Large coffee grinder to grind wheat?
I have a high end, commercial coffee grinder with metal burrs (Mazzer Major). It's made to grind very, very fine for espresso and powerful enough to run all day long in a busy coffee shop. Mine is quite old (it's one of the first Italian machines brought to San Francisco in the early days of espresso) and will probably still be running 100 years from now. Anyway, for espresso you need very sharp burrs as you are shooting for consistent particle size (you want it to carve the coffee rather than crush it to powder) and the burrs were pretty old and getting dull when I bought mine used, so I ordered a new set of burrs (they recommend new burrs every 1,300 pounds of coffee ground).
Just for fun, before I installed the new burrs, I ground some wheat and it very quickly produced a very fine flour. (and this was with the old, dull burrs)
These days I'm starting to think about retiring my old Magic Mill III Impact mill and get something like a Mockmill or perhaps a stone or ceramic burr mill. But then I wonder if I might ought to just use the big coffee grinder I already have (it's overkill for the one espresso per day I make - and I have a smaller coffee grinder that is more than adequate for espresso).
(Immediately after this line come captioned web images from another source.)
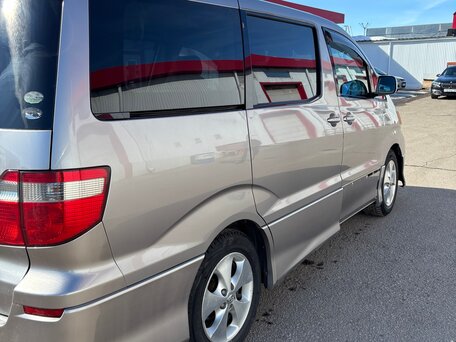 2004 Toyota Alphard I, серый, 490000 рублей, вид 5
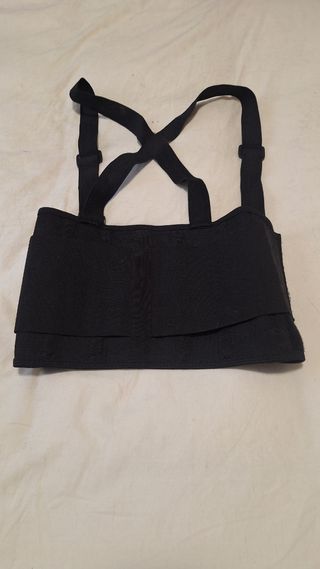 Faja lumbar cámara 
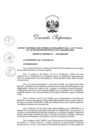 Vista preliminar de documento Proyecto de Decreto Supremo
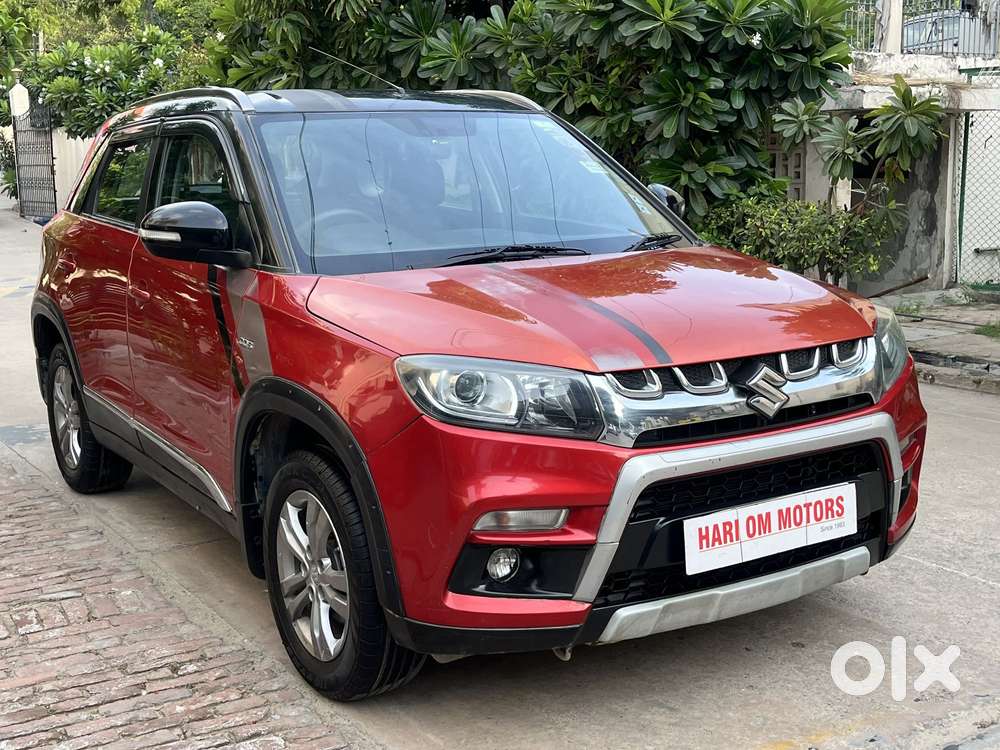 Maruti Suzuki Brezza Zdi+ Dual Tone, 2017, Diesel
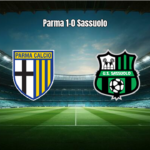 Parma vence Sassuolo por 1 a 0 na última rodada da Serie A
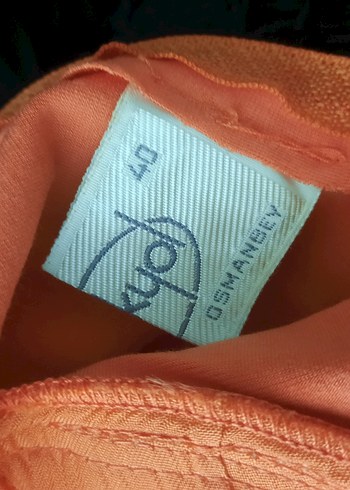 Uzun Kollu Mini Vintage Elbise - Görsel 9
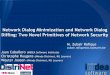 Network dialog minimization and network dialog diffing: Two novel primitives for network security applications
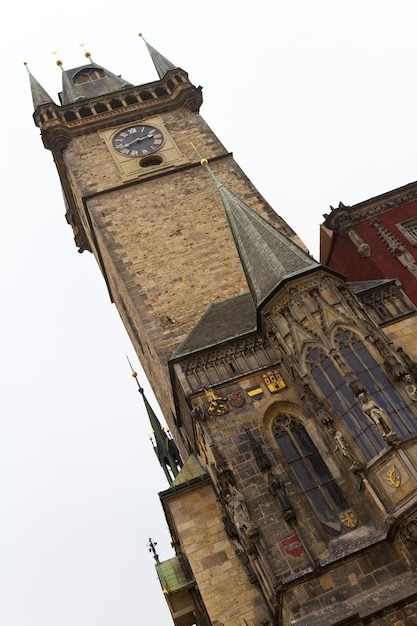 Altes Rathaus Prag Tschechische Republik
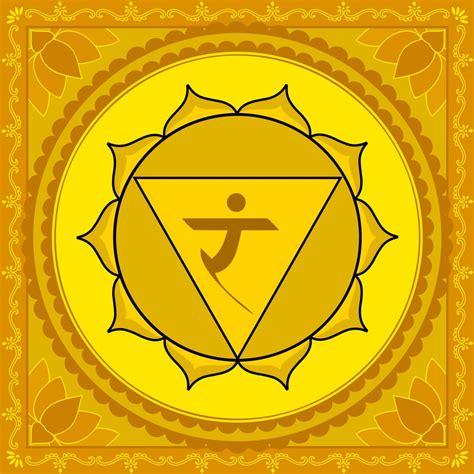 Chakra healing - The Solar Plexus Chakra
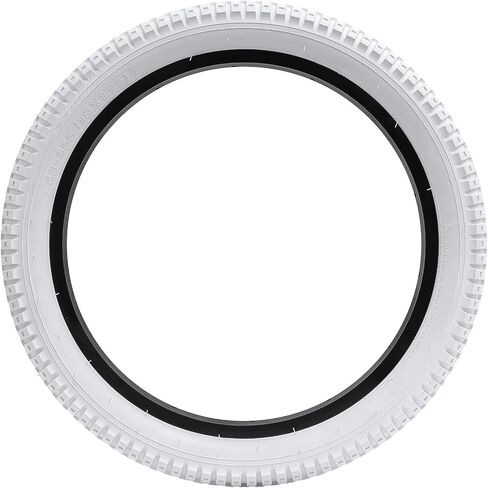 إطارات دراجة YunSCM مقاس 18 بوصة مقاس 18 × 1.95/50-355 ETRTO وأنابيب دراجة شديدة التحمل مقاس 18 بوصة مقاس 18 × 1.75/2.25 صمام AV32 مم متوافق مع إطارات وأنابيب دراجة مقاس 18 × 1.95 - عبوتان، أبيض (Y-1029) in Saudi Arabia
There are a lot more teeth on the burrs than I see on grain mills with steel burrs. The burrs are 83mm. And the RPMs are surely higher than a grain mill (I think it's about 1200-1500 rpm) - but when I tested it (years ago) it produced a nice feeling, fine flour and it wasn't too warm.
What are the drawbacks to using this and the pros of spending the money for a purposebuilt grain mill? (please disregard any concern about devaluing the coffee grinder - it is ancient and cost much less than any grain mill would cost - even though a brand new coffee grinder of same model is very expensive - It's way overkill and I only bought it because it was inexpensive being so old).
Hey Mr. De Niro. — Doesn’t Andy Panda look like Robert De Niro?
I know nothing about the grinder. But if flour heating is ever an issue you could store a small amount of grain in the freezer and grind it cold. I do this all the time.
I don’t see a reason that grinder wouldn’t be great. And a nice conversation piece at that. It sounds like a beast.
As DanAyo entioned, heating the flour may be a problem but I freeze my grain prior to using my Nutrimill for that same issue. Otherwise, I'd get flour at 130F for a full hopper 8 cups) of wheat berries.
AndyPanda, do you still have the manual to your Magic Mill III? I just acquired a used one without a manual and I can't find one anywhere online.
I sure could use some help.
I don't have (or can't find) my manual. But here is a Magic Mill II manual I found online. Not much difference.
Coffee grinders are designed to do very small batches......1-2 oz. of beans at a crack, tops. The directions that came with our very nice quality burr coffee mill (Baratza Maestro) specifically enjoin against grinding continuously for more than a few minutes without allowing the machine too cool off a while. My conclusion would be that milling grain in a coffee mill -even a pound of specialty grains- is just asking to burn out a perfectly good coffee mill for no good reason. I mill all my grain in a very inexpensive Corona-type mill, bought off eBay for less than $25 delivered. To take out the hand labor, I just adapted an electric drill to it with a $ 0.25 hardware store bolt.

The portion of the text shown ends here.